Recreation vs. Resources on Public Lands

Former Democratic state Sen. Gail Schwartz, a ski-town development planner who used to live near Aspen and now calls Crested Butte home, did a lot of the legislative heavy living for Ritter’s energy policies during two terms under the gold-leafed dome of the state capitol. She’s now challenging Republican U.S. Rep. Scott Tipton for the sprawling Western Slope district that includes many of the state’s faltering coal-mine communities.

Schwartz says there’s a critical balance to be struck between utilizing the third of the state that’s federally owned for tourism and recreation and extracting resources such as coal, oil and gas and timber.

“We look at the strong growth of the recreation industry, but what kind of an experience are we going to be offering both our visitors and our residents and a lot of people who are coming to the state because of the quality of life that we offer?” Schwartz said. “You saw with the Thompson Divide, [the oil and gas industry is] trying to take very special, pristine areas that need to be protected so we can support the recreation industry.”

Schwartz says it’s fine line between utilizing public lands to support sustainable industries and exploiting them for the profit of out-of-state companies.

“This is not to say there isn’t the opportunity in the right place with the right oversight for continued natural gas development in particular in western and southern Colorado,” Schwartz said. “We can continue to have our compatible use of both natural gas development as well as recreation development, but in the right place and done in the right way.”

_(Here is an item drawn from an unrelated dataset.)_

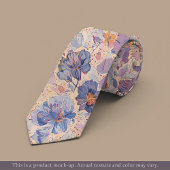 Impressionist Floral Light Brushstroke Necktie ネクタイ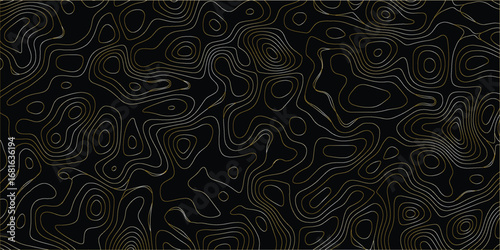 Futuristic abstract terrain with glowing contour lines and vibrant gradient overlays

Schwartz’s incumbent opponent in Colorado’s massive 29-county 3rd Congressional District, counters that she’s a ski-town liberal trying to shut down all fossil fuel extraction on public lands.

“Gail Schwartz’s policies have been artificially shutting out all fossil fuels in favor of renewable energy, and that doesn’t work,” said Tipton campaign manager Michael Fortney. “We’ve lost thousands of jobs on the Western Slope and across the district because of Gail Schwartz’s policies in the state Senate.”

The hotly contested race plays into the growing debate over how best to manage huge swaths of federal land across the West, including Colorado. There’s an increasingly hostile local movement against control from Washington and for greater state authority.